Jacy Seixas avança nos estudos e na reflexão da memória, quando analisa as contribuições de Nora quanto ao entendimento do conceito e questiona a classificação rígida que ele estabelece entre memória e história: a memória é a tradição vivida, é a vida e sua atualização no eterno presente, é espontânea, afetiva, múltipla e vulnerável. A história ao contrário, é uma operação profana, uma reconstrução intelectual, sempre problematizadora, é uma representação sistematizada e crítica do passado. Para Nora, a memória encontra-se prisioneira da história ou encurralada nos domínios do privado e do íntimo, transformou-se em historicizada. Segundo a autora, a recente historiografia anglo saxônica busca conferir maior autonomia a memória, mas ela também vai desembocar, nas análises dos estudos empíricos na mesma apropriação da memória operada pela historiografia francesa, sem reconhecer uma distinção clara entre memória e história. (SEIXAS, 2001, p.40).

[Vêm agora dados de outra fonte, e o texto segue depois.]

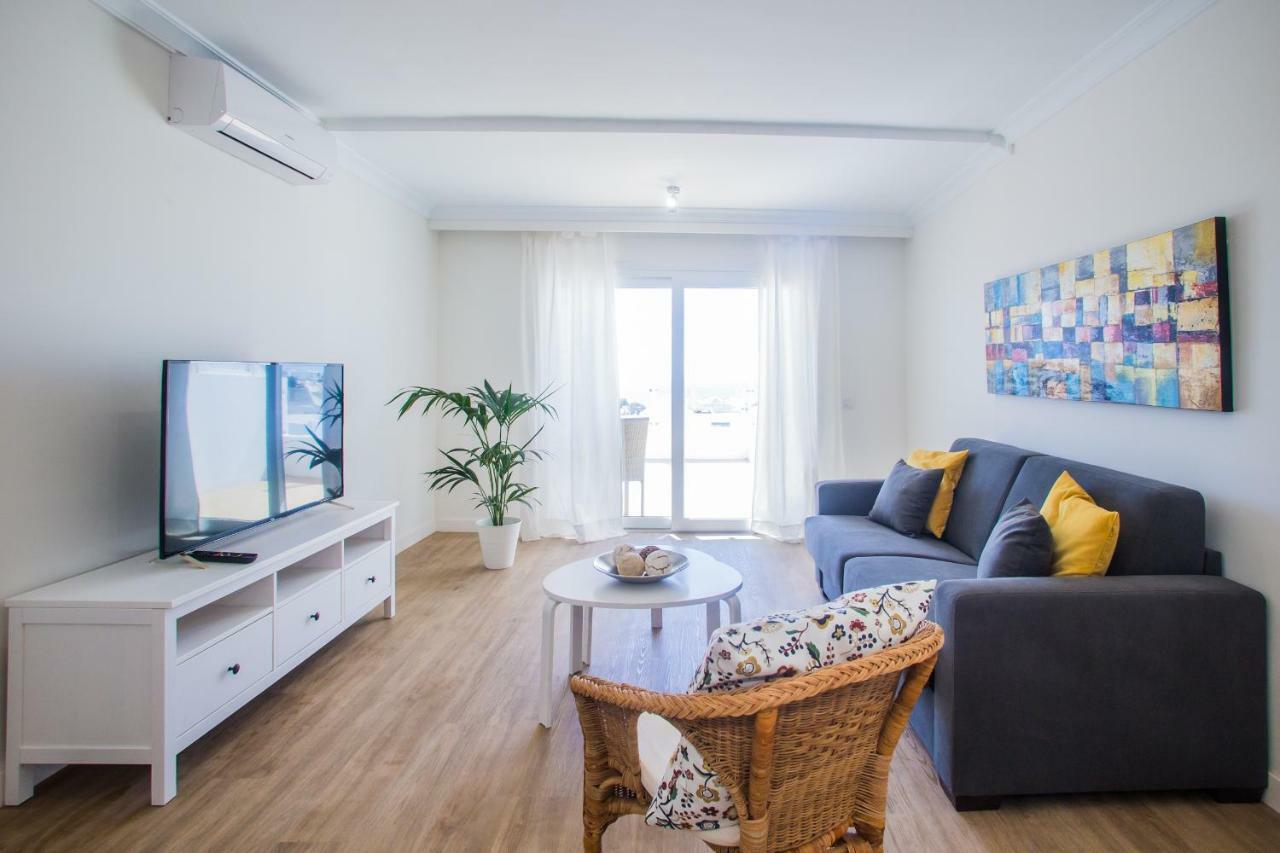 Flower Beach Suite 26 Playa Honda  Dış mekan fotoğraf
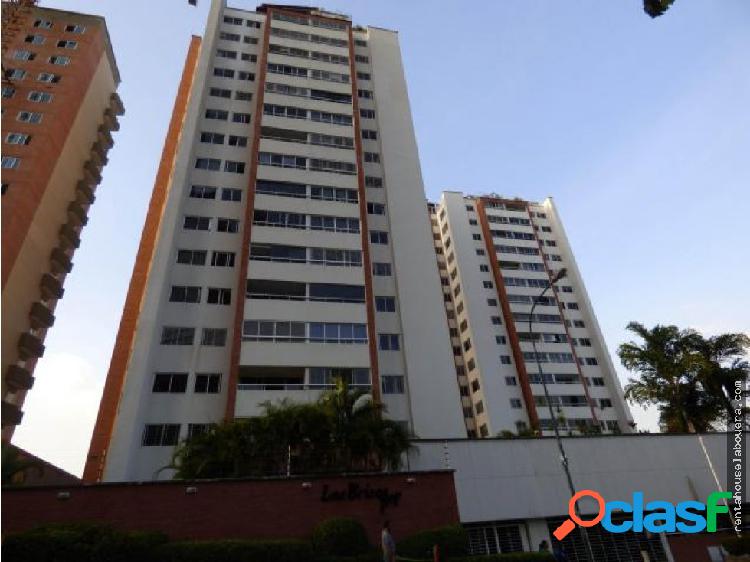 Apartamento en Venta La Bonita MB2 MLS18-1490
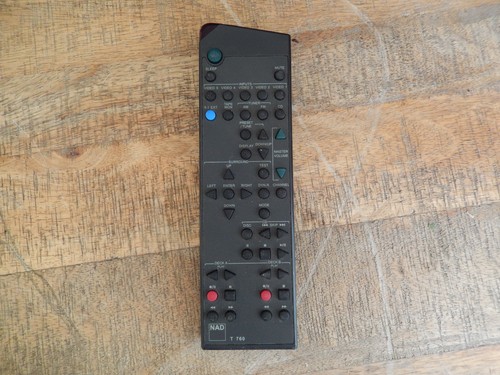 Telecomando nad 760 oem - nad, t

Por onde circulavam as jovens estudantes com seus uniformes, exibiam a imagem de distinção por fazerem parte do curso de formação de professores, informando na cidade acerca de serem pertencentes ao grupo de “melhores”, pois difundem-se nas primeiras décadas do século XX, a autoridade intelectual e moral da escola, representada pela conduta de professores e alunos.

Essas idéias foram sendo formadas e nos convidam a reflexões para estabelecermos o diálogo entre os pensamentos e acontecimentos passados. A memória afetiva é revelada, apontando a intensidade de um passado que sintetiza relatos de testemunhos oculares de outros tempos. O alcance em torno desses acontecimentos, explicam o caráter poético e as imagens construídas que mesclam a percepção de escola que é transmitido, preservado e desejável que se perpetue. O certo, é que quando fui aprovada no concurso público estadual para ministrar aulas nas disciplinas da Educação, os professores que trabalhavam comigo na ocasião me incentivaram a escolher a E.E. “Carlos Gomes”, pela sua história em Campinas na formação de professores para as séries iniciais e principalmente pelo lugar que ocupava, sendo a primeira escola pública para a profissionalização docente.